No importa cuán serenos y controlados parezcamos, ellos nos dominan. Pienso en el hombre que sufre la sensación de carencia de poder y golpea a su mujer en un ataque de rabia incontrolable. Entro a un bar y veo a dos hombres abrazándose en una borrachera, incapaces de expresar su mutuo afecto excepto cuando están ebrios. Leo acerca de adolescentes que salen a golpear a los homosexuales y de hombres que convierten su sentido de impotencia en una furia contra los negros, los judíos o cualquier otro grupo que les sirva de cómodo chivo expiatorio.
Por otra parte, los hombres podrían dirigir su dolor escondido contra sí mismos en forma de autoodio, autodesprecio, enfermedad física, inseguridad o adicción. A veces este fenómeno está relacionado con el primero. Las entrevistas con violadores y con hombres que han golpeado a mujeres muestran no sólo desprecio hacia ellas, sino frecuentemente un odio y un desprecio mucho más profundos hacia sí mismos.
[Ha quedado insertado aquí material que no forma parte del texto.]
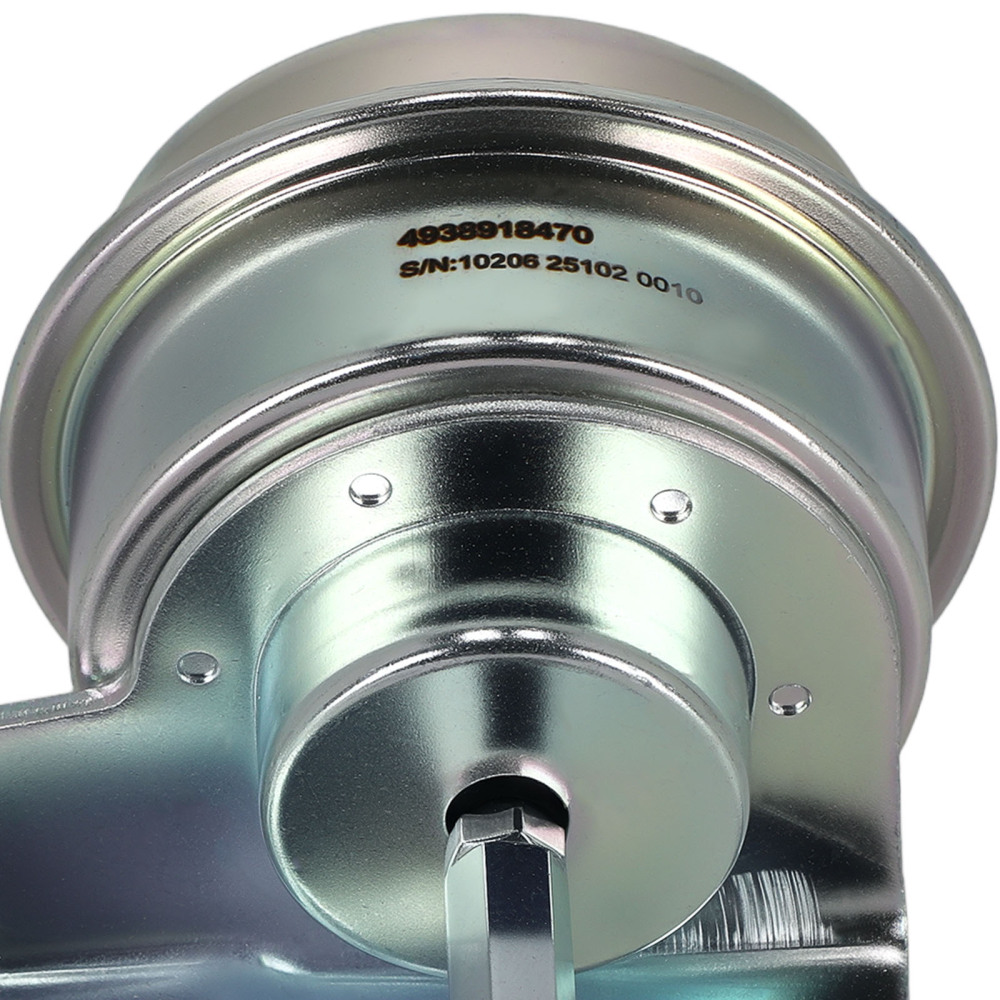 Turbo Wastegate Actuator compatible for Acura RDX 2.3L 2007-2012 49389-18470 Individual New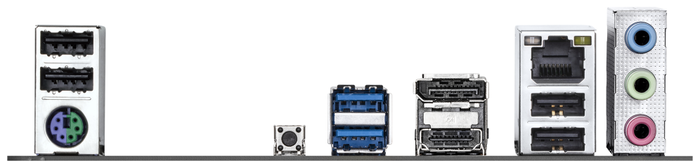 GIGABYTE B840M H Micro ATX AMD B840 Socket AM5 DDR5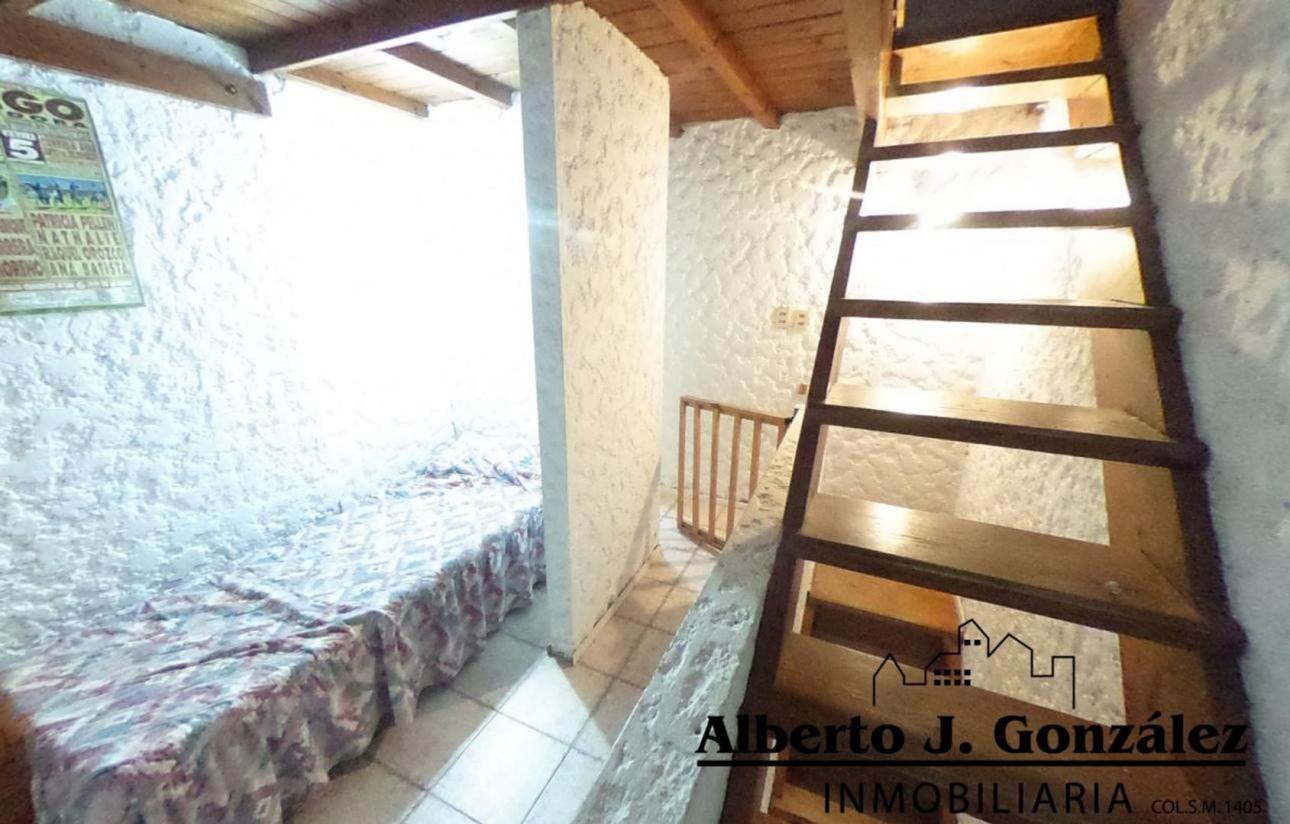Departamento en Costa Azul para 7 personas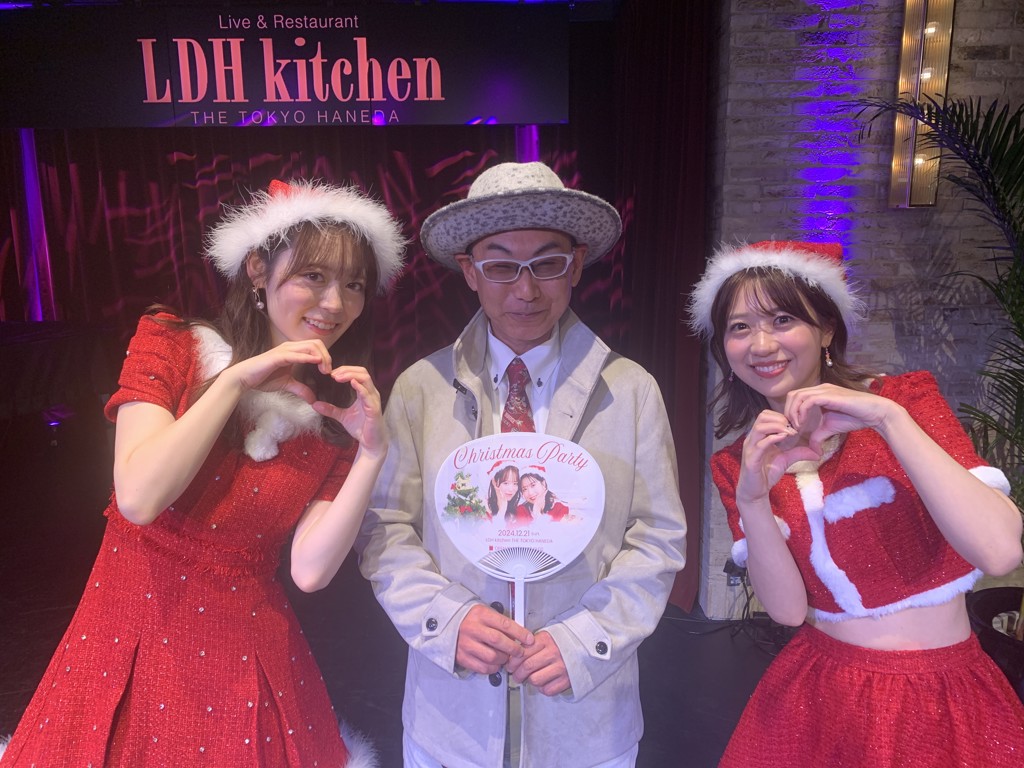 夏でも…ハル‼️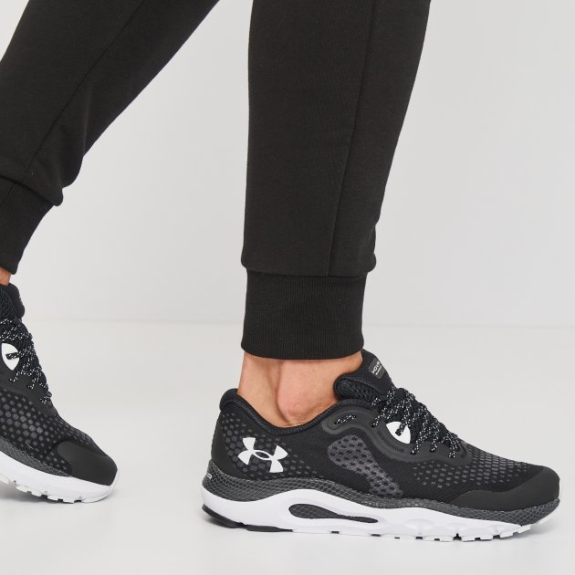 Кроссовки Under Armour Ua Hovr Guardian 3023542-001 (Оригинал) - фото №7
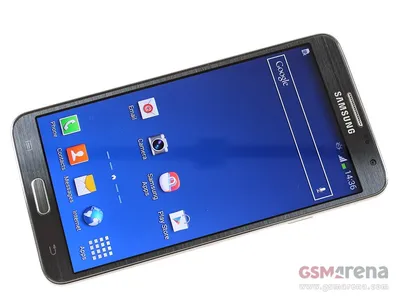 Samsung Galaxy Note 3 32GB N900 Black от МегаФона – купить в Москве | Цены  на смартфоны Самсунг в официальном интернет-магазине МегаФона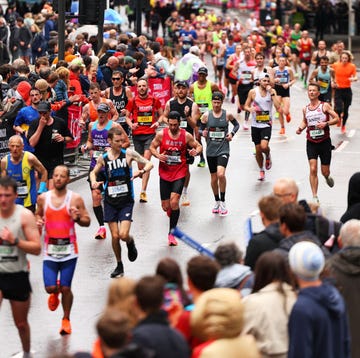 2023 TCS London Marathon 2023 tcs london marathon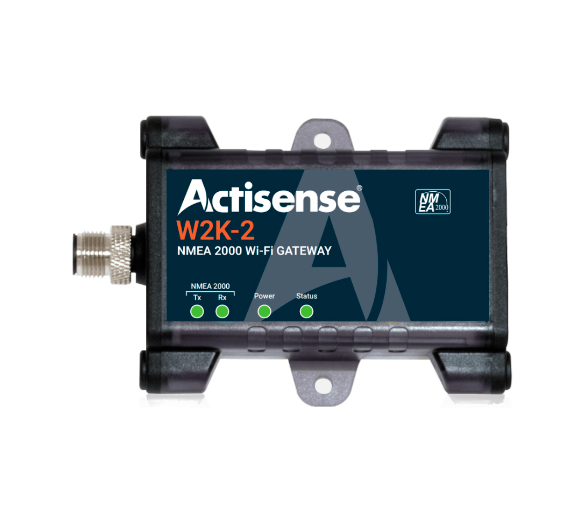 Actisense Modulo Wifi W2K-2 para NMEA 2000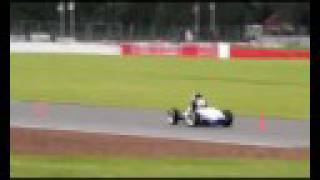 Formula Student 2008 Part 1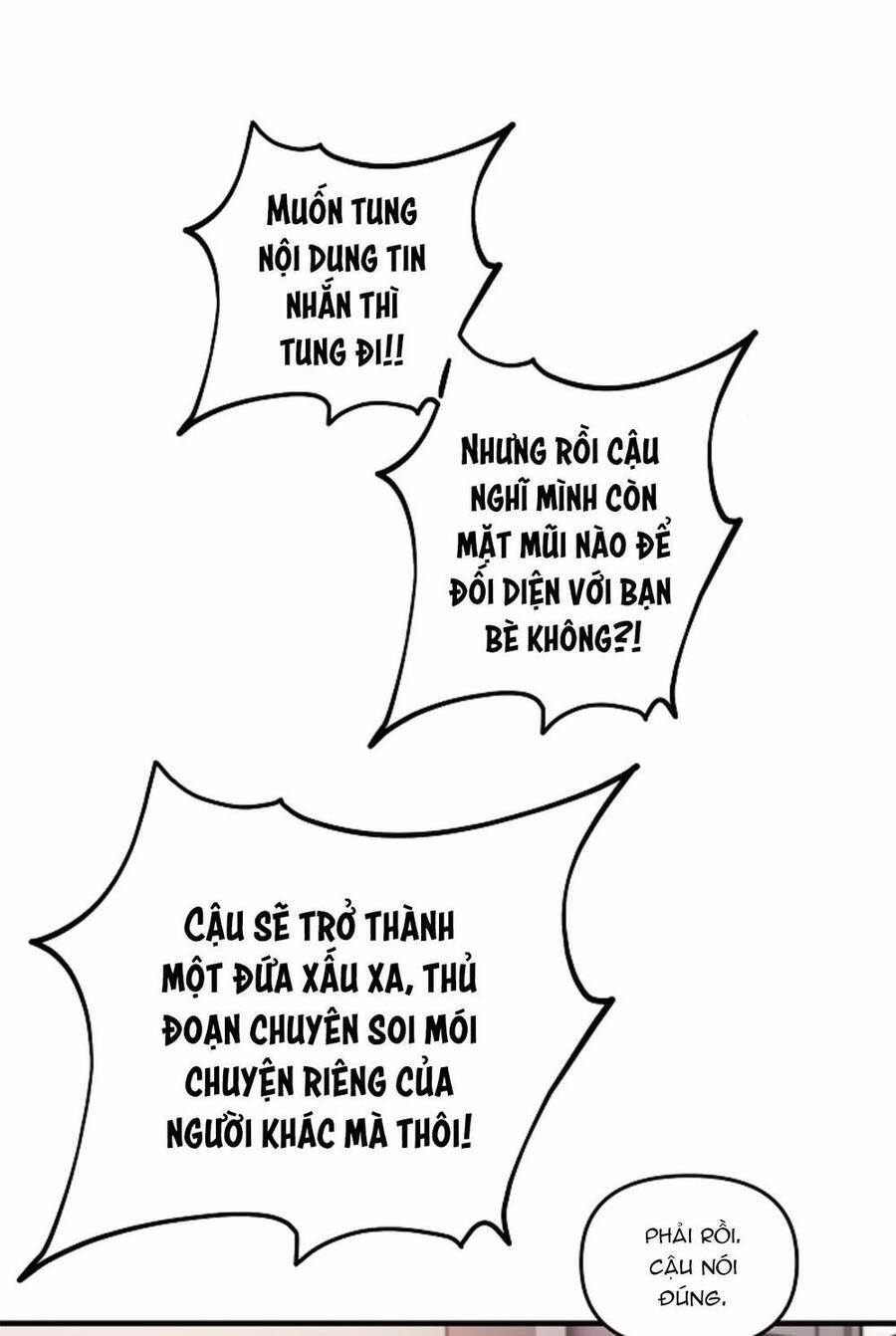 Tự Do Trong Mơ Chương 38 page 30 - Giả Dược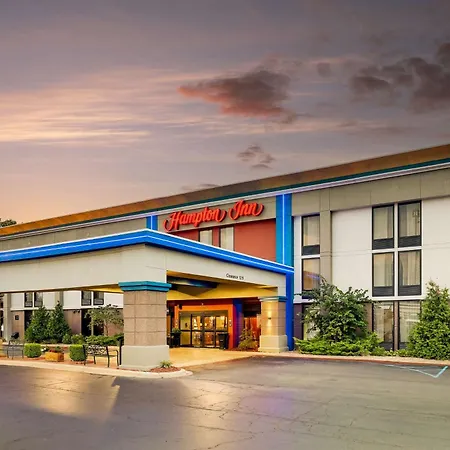 Hampton Inn Rolla-3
Es como si, incapaces de soportarse, atacaran a otros posiblemente para infligir sentimientos similares a quienes han sido definidos como un blanco socialmente aceptable, para experimentar una sensación momentánea de poder y control.
Podemos pensar que el dolor de los hombres tiene un aspecto más dinámico. Podemos desplazarlo o volverlo invisible, pero con ello lo hacemos aún más intenso. Esta forma de opacar el sentido del dolor es otra manera de decirles a los hombres que deben aprender a llevar puesta una armadura, es decir, que debemos mantener una barrera emocional frente a los que nos rodean para poder seguir luchando y ganando. Las barreras impenetrables del ego discutidas en el psicoanálisis feminista simultáneamente protegen a los hombres y los mantiene presos de su propia creación.